It is weird how people react when you say you don't drink - it makes them oddly uncomfortable.
I rarely drink, and only once or twice would I say I got close to drunk but I promptly fell asleep anyway.
I doubt I'll ever do psychedelics, but I guess I wonder what exactly makes one a professional philosopher of mind, assumed to have a certain expertise, if not collecting an array of varied states of consciousness? (This doesn't have to involve drugs of course, given there's currently no safe legal way to do psychedelics outside of limited studies.)
It seems to me, perhaps unfairly given Western philosophy seems to defer to Science, that anyone can philosophize on consciousness if reading some stuff is all it takes.
I know that feeling as well, I pretty much never drink and only a handful of times did until I was actually drunk.
I think where the article sort of runs away from me is where it sort of goes to "prove" panpsychism through experience.
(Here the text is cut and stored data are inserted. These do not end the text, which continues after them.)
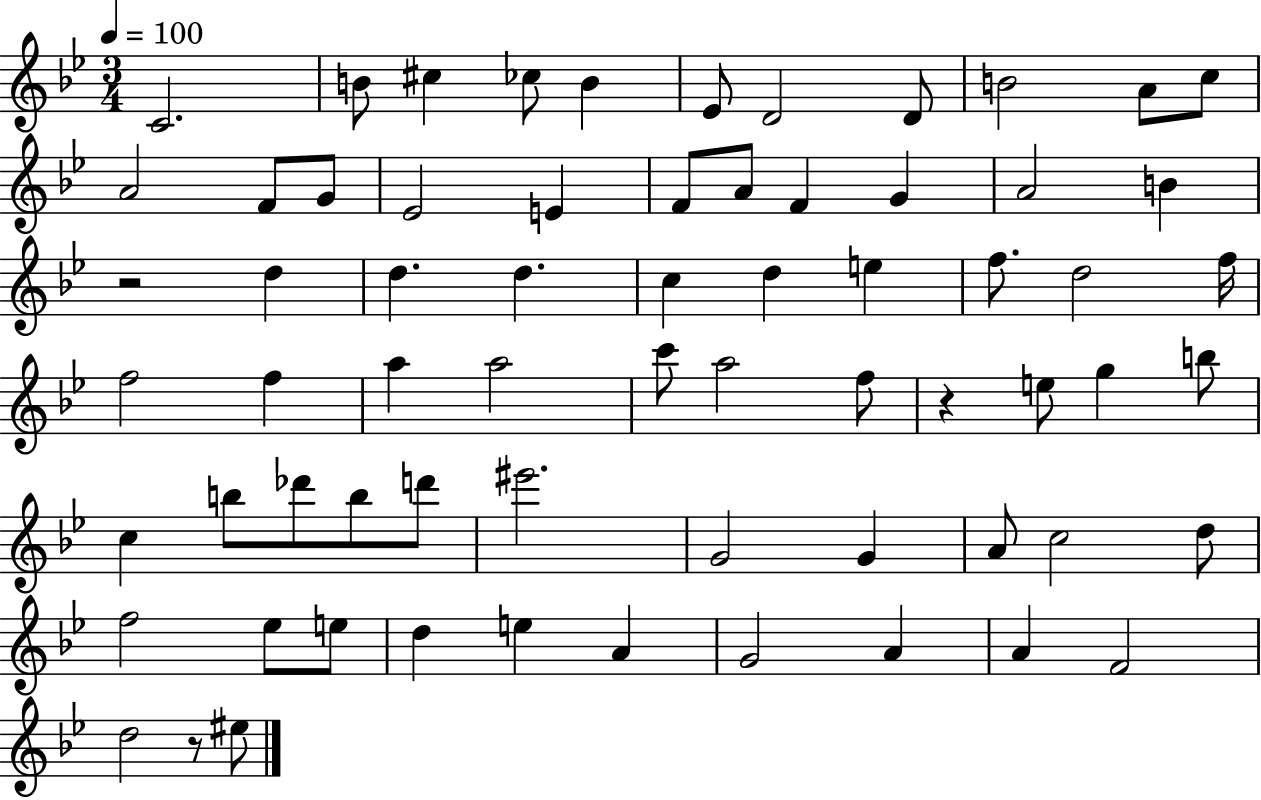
C4/h. B4/e C#5/q CES5/e B4/q Eb4/e D4/h D4/e B4/h A4/e C5/e A4/h F4/e G4/e Eb4/h E4/q F4/e A4/e F4/q G4/q A4/h B4/q R/h D5/q D5/q. D5/q. C5/q D5/q E5/q F5/e. D5/h F5/s F5/h F5/q A5/q A5/h C6/e A5/h F5/e R/q E5/e G5/q B5/e C5/q B5/e Db6/e B5/e D6/e EIS6/h. G4/h G4/q A4/e C5/h D5/e F5/h Eb5/e E5/e D5/q E5/q A4/q G4/h A4/q A4/q F4/h D5/h R/e EIS5/e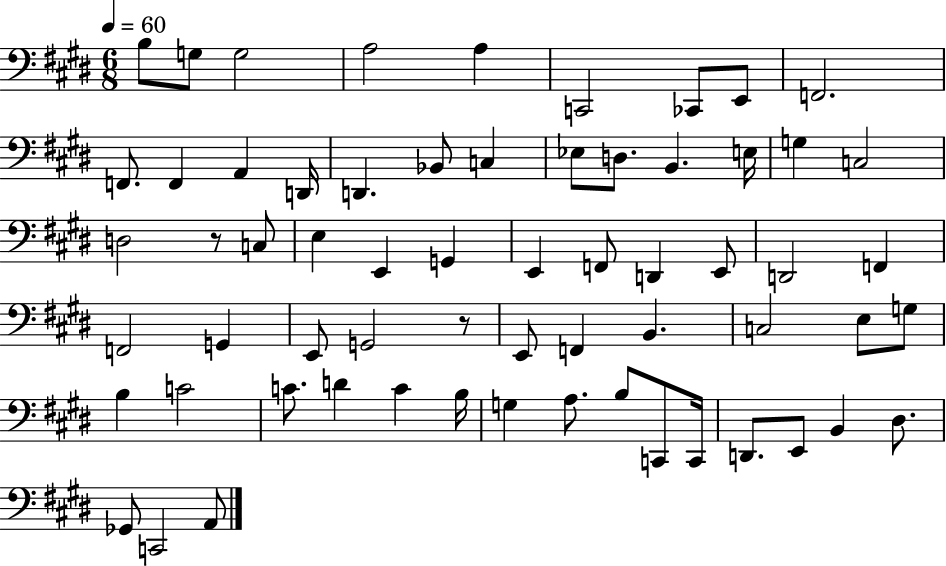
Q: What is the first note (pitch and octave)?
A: B3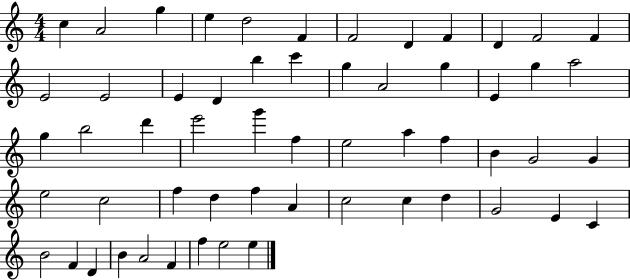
C5/q A4/h G5/q E5/q D5/h F4/q F4/h D4/q F4/q D4/q F4/h F4/q E4/h E4/h E4/q D4/q B5/q C6/q G5/q A4/h G5/q E4/q G5/q A5/h G5/q B5/h D6/q E6/h G6/q F5/q E5/h A5/q F5/q B4/q G4/h G4/q E5/h C5/h F5/q D5/q F5/q A4/q C5/h C5/q D5/q G4/h E4/q C4/q B4/h F4/q D4/q B4/q A4/h F4/q F5/q E5/h E5/q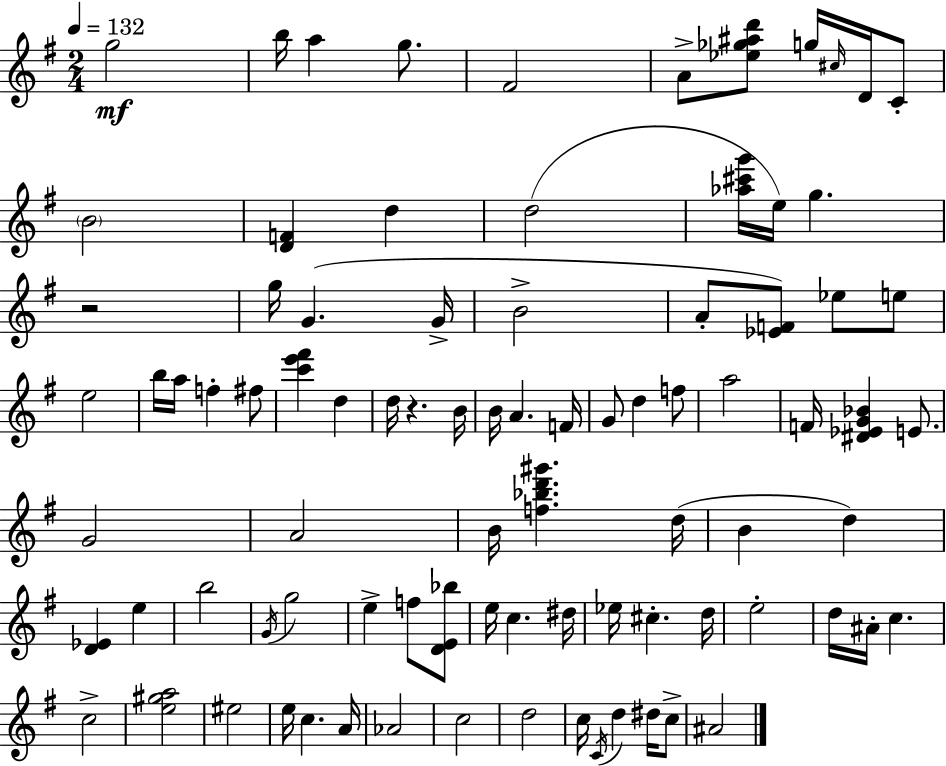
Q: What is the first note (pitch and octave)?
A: G5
The issue here, I guess, for me, is something like: "normative" experience doesn't include a panpsychic component and psychedelic experience seems to. Under what auspices are we to discount one for the other. In other words, how are we to be sure that psychedelic experience isn't just a hallucination?
I'm not apt to discount psychedelic experience, of course, because as something of a phenomenologist, it's plain to see that it is
something. Although that leaves the question of "what is it?" wide open, still.